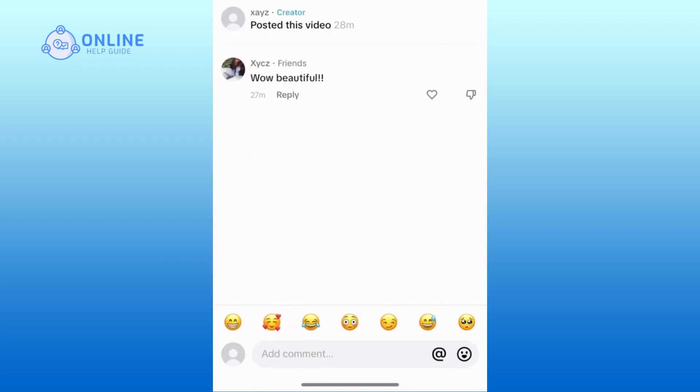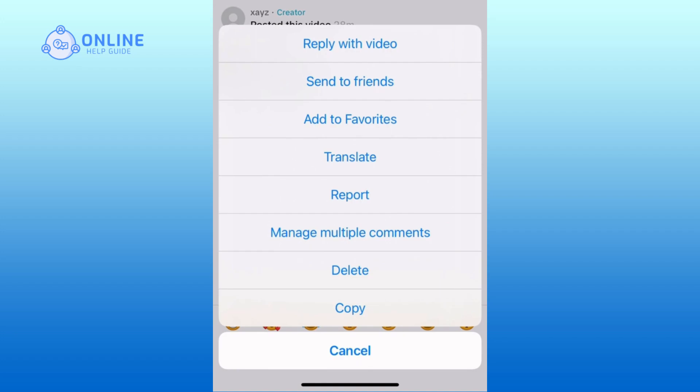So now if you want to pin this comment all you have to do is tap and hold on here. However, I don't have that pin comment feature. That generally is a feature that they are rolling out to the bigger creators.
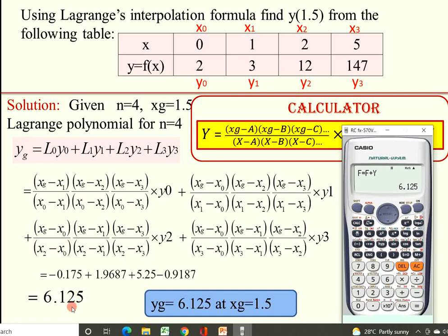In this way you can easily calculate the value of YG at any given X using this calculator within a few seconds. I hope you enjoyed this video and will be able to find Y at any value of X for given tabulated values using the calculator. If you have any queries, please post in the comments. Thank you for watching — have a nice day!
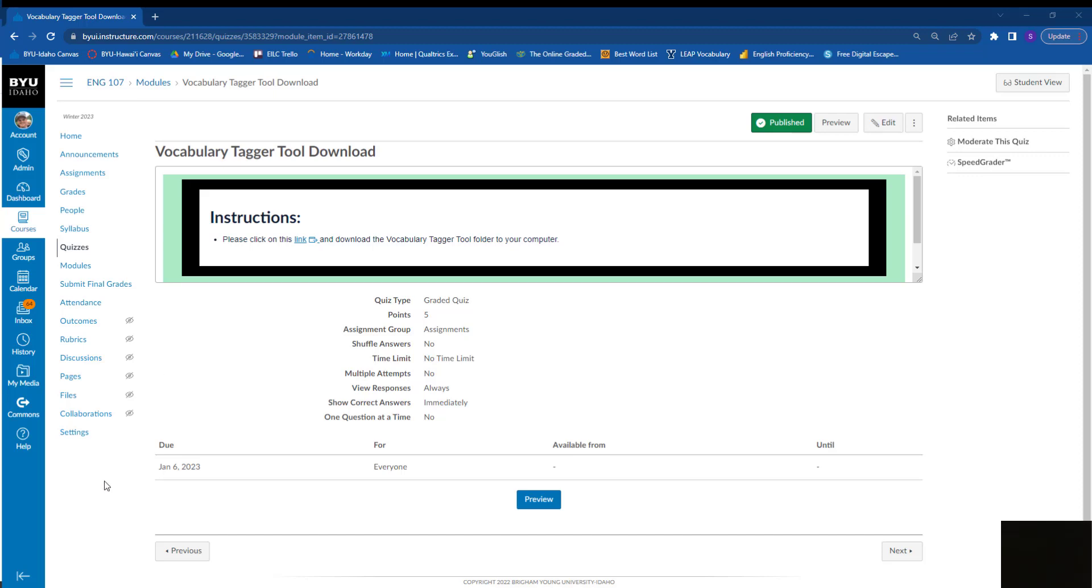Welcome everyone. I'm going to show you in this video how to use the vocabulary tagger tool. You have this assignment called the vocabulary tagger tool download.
______
Task instructions
Produce a word-for-word version of the material, with no pictures included.

Result below
So now if you want to pin this comment all you have to do is tap and hold on here. However, I don't have that pin comment feature. That generally is a feature that they are rolling out to the bigger creators.
In this way you can easily calculate the value of YG at any given X using this calculator within a few seconds. I hope you enjoyed this video and will be able to find Y at any value of X for given tabulated values using the calculator. If you have any queries, please post in the comments. Thank you for watching — have a nice day!
Welcome everyone. I'm going to show you in this video how to use the vocabulary tagger tool. You have this assignment called the vocabulary tagger tool download.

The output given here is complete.